EXERCISE DIRECTIONS -
In the data below, find the line with "央视新闻台天气预报主持人名单" and the line with "Anything You Can", then restate both and every line between them exactly, minus the pictures.

EXTRACTED DATA -
[Start of section]

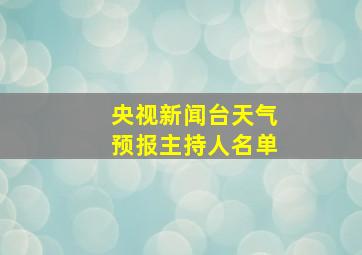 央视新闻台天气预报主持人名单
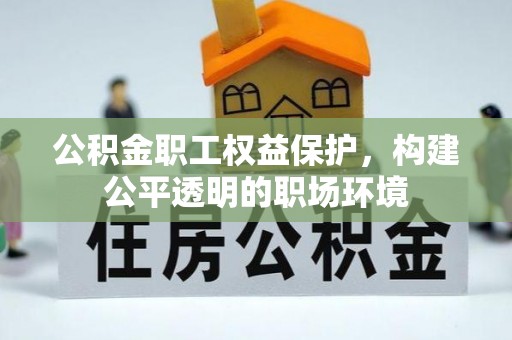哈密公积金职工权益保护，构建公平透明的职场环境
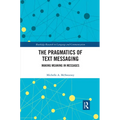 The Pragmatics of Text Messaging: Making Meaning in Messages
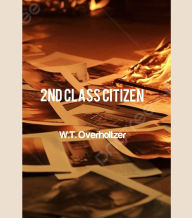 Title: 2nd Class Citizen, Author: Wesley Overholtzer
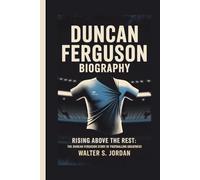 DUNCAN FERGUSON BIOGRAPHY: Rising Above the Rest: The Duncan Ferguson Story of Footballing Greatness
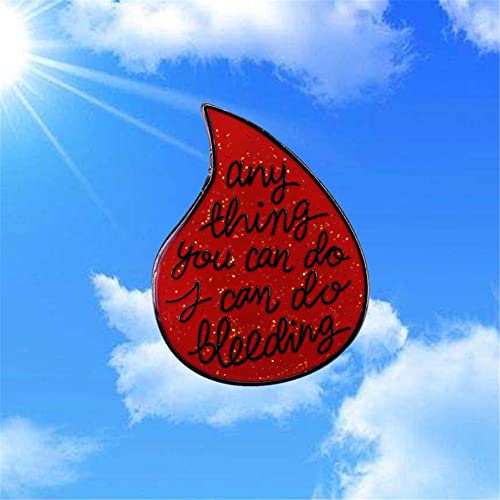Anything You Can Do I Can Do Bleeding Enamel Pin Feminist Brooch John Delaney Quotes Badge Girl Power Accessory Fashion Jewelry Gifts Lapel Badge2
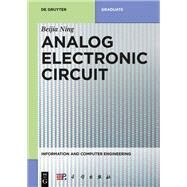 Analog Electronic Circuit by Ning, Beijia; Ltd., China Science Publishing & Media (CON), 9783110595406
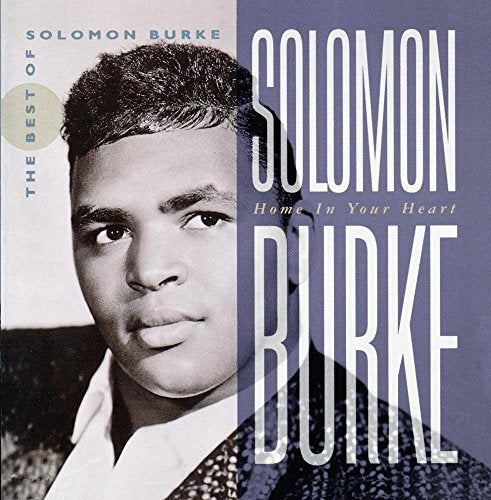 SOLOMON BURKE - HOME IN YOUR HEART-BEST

[End of section]
[Start of section]

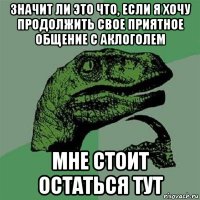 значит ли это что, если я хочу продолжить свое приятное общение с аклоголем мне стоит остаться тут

[End of section]
[Start of section]

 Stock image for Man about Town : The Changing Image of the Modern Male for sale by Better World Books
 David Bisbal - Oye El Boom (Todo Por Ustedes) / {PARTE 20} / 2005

[End of section]

RESULT OF THIS TASK -
 央视新闻台天气预报主持人名单
哈密公积金职工权益保护，构建公平透明的职场环境
 The Pragmatics of Text Messaging: Making Meaning in Messages
 Title: 2nd Class Citizen, Author: Wesley Overholtzer
 DUNCAN FERGUSON BIOGRAPHY: Rising Above the Rest: The Duncan Ferguson Story of Footballing Greatness
Anything You Can Do I Can Do Bleeding Enamel Pin Feminist Brooch John Delaney Quotes Badge Girl Power Accessory Fashion Jewelry Gifts Lapel Badge2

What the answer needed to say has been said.